BEGIN DATA SHOWN

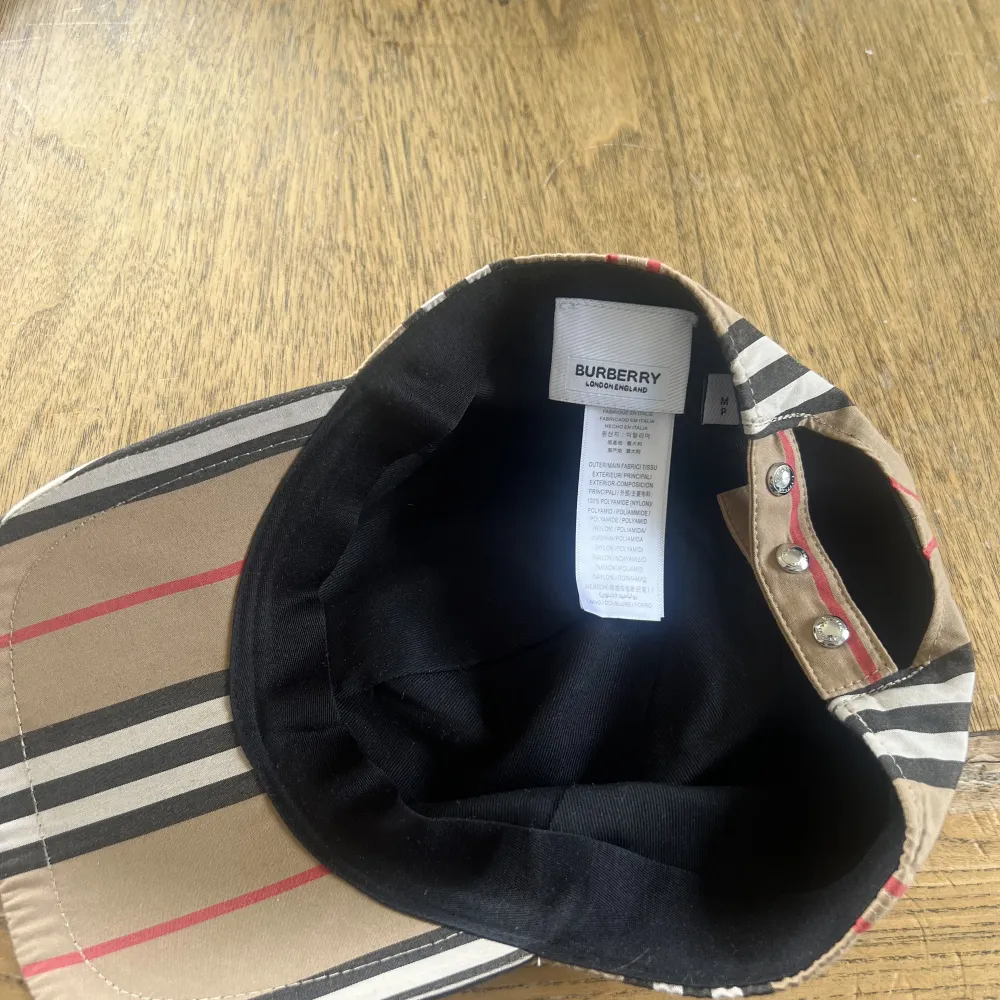 Burberry ”BT” logo keps till salu.  Storlek M men går att justera till specifik storlek. 9/10 i skick finns inga tecken på användning.  Fraktas spårbart eller hämtas på plats.. Accessoarer.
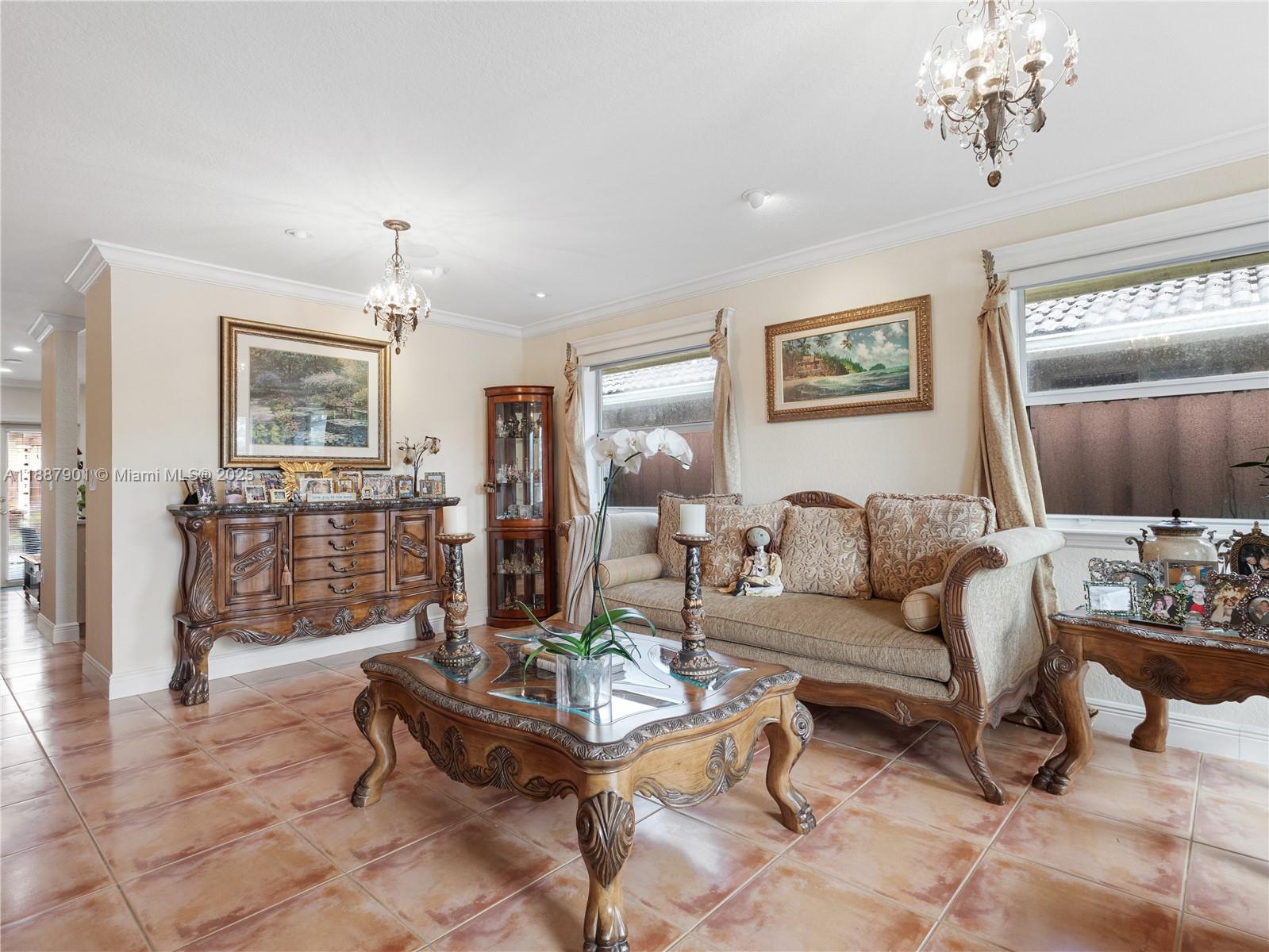 MC KEEVER TERR NO 3 - Residential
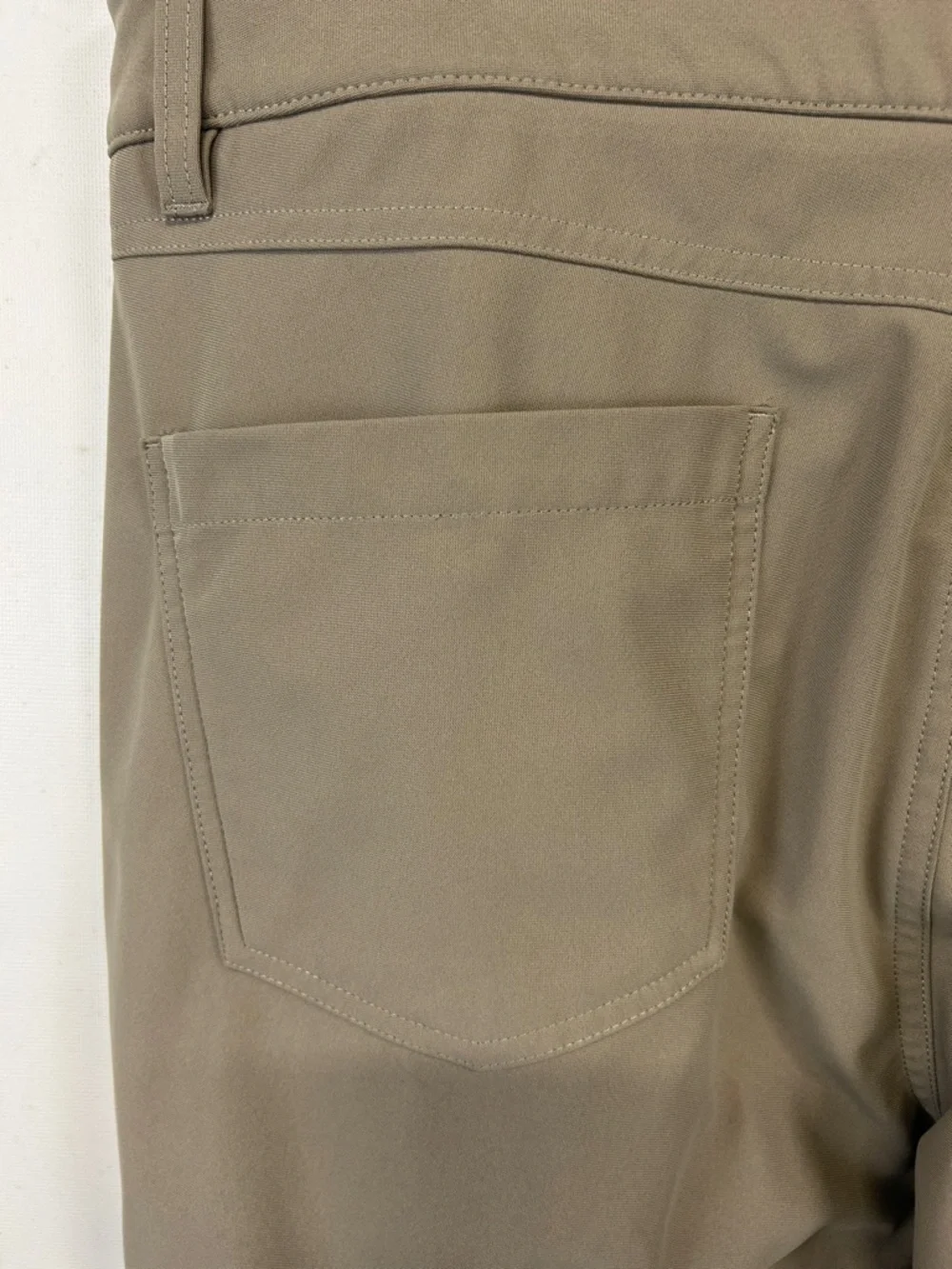 johnnie-O Prep-Formance Flat Front Chinos.  36 x 30 - Picture 8 of 10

END DATA SHOWN

- [AIM OF THE TASK] Starting with the line that contains "MC KEEVER TERR NO 3 - Residential", reproduce every line down to the end of the listing above, both endpoints included. Pictures stay out.

- [RESULT OF THIS TASK]
 MC KEEVER TERR NO 3 - Residential
 johnnie-O Prep-Formance Flat Front Chinos.  36 x 30 - Picture 8 of 10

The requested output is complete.